Cover V13, i01

Article
Listing 1

jan2004.tar

Current: An Open Source Update Server for Red Hat Linux

John Berninger

Beginning with version 6.2, Red Hat distributed a system updater tool called "up2date", which interoperates with the Red Hat Network (RHN) to intelligently download and install system updates and new packages. The client code, per Red Hat's usual business practices, was made publicly available. The server side of this code, however, was not released.

The usefulness of the up2date program was immediately apparent, but the inability to establish a local server for departmental or organizational use hindered some deployment models. Therefore, a project was begun to reverse-engineer the protocol to re-create a server. This effort was made possible by two factors: first, by the fact that the client code was released as open source, and second, that the underlying protocol was an open standard -- XML-RPC.

The result of this development effort is a project called "Current", an open source update server for Red Hat Linux. In this article, I will show how to deploy and maintain a Current server. I will also cover some of the prerequisites for successful installation and use of a Current server, and I'll describe how you can contribute to the Current project.

Background

The Current project started as an unnamed effort by a single sys admin at Duke University -- Hunter Matthews -- and remained so for quite some time. I became involved in the project as the second developer around the time version 0.9.5 of the server code was released, and there was suddenly a lot of work regarding communication, coordination, and code management. Once we established a source code repository, actual development was started again and things moved right along.

The Current development tree is hosted now in a CVS repository at Tigris.org. The CVSROOT for this repository is :pserver:anonCVS@current.tigris.org:/cvs, with no password. This provides anonymous CVS access. Once you've logged in, you need to check out the "current" module.

The present development model is relatively straightforward. We have adopted the same model for release numbers that is used by the Linux kernel; odd-numbered minor versions are development versions, and even-numbered minor versions are production/stable versions.

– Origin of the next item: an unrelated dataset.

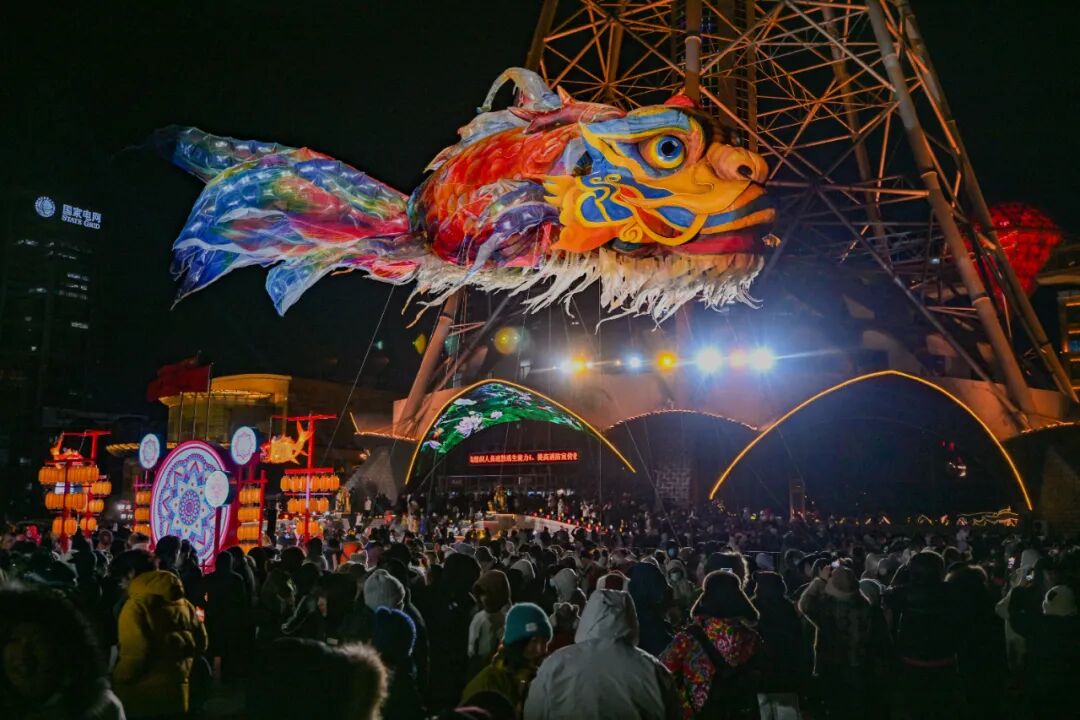 跨年夜人潮涌动 松花江畔烟花绽放_哈尔滨跨年夜冰雪烟花_哈尔滨冰雪大世界跨年活动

We also split the code out into functional sections that include an API layer, a database layer, a support layer, and a "main" server layer. The layers are relatively orthogonal as far as behavior. This was done by design to decrease the amount of interdependency in the code. This model allows us to change the API layer relatively easily in case of up2date API changes without worrying about how these changes will impact the database code, and vice versa. The database layer is further subdivided into a generic back-end and database implementation specific back-ends, allowing us to trivially change between database implementations (e.g., MySQL vs. PostgreSQL). We can also take advantage of features of some database implementations that aren't available in others, by isolating the actual database interaction from the general database layer.

General

So far, we only know that Current is the server side of an update tool. Let's take a closer look at what it is and what it does. The main purpose of Current is to provide the missing portions of the up2date tool for systems administrators to keep their systems updated without the necessity of maintaining hundreds or possibly thousands of registrations with RHN. It also allows administrators to customize the package set available to clients without lengthy contract negotiations with Red Hat for custom channel on RHN.

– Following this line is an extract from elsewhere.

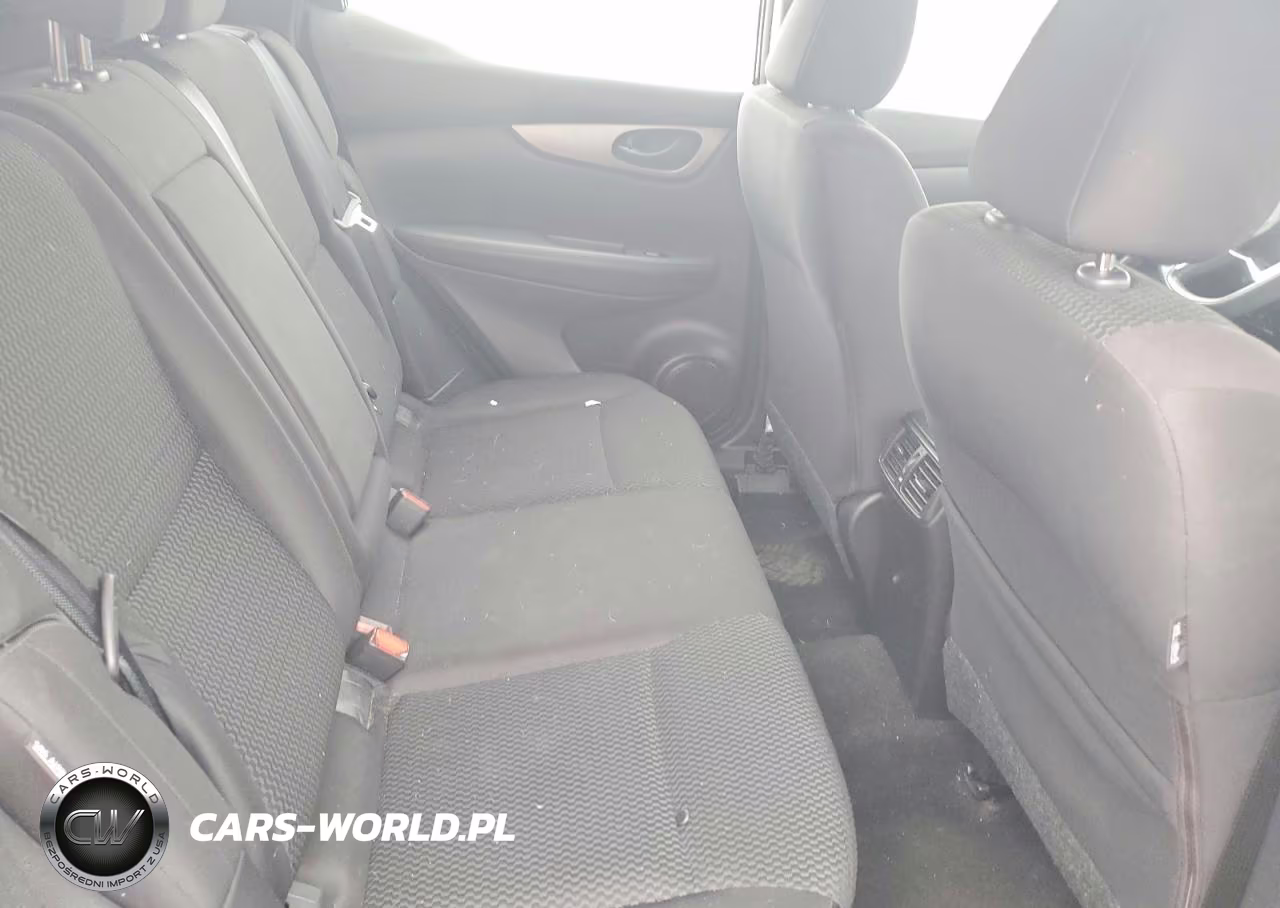 2020 Nissan Rogue Sport S VIN:JN1BJ1CW0LW386435 - 11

The main audience for Current was initially thought to be academic departments and colleges, where the need for a centralized update scheme was critical and where the costs in both capital and time expenditures prohibited the use of RHN. Another ideal environment for Current deployment was thought to be corporate research labs and environments that required either a much more distributed management of channels or a more flexible package management scheme for the channel packages than RHN offered. Current has been adopted by administrators in more environments than we anticipated, however, and we encourage administrators seeking a system update management solution to consider whether Current can meet their needs.

Deployment

The majority of the design, coding, and documentation decisions were made with the goal of easing deployment of the server for organizations wanting to use it to update Red Hat Linux-based systems. Our first goal was to make the installation process understandable to users. This task, of course, involved a great deal of documentation. Our second objective was to make the installation and potential removal of the package a simple matter. Our third, and most important, objective was to not interfere with any pre-existing configurations or applications.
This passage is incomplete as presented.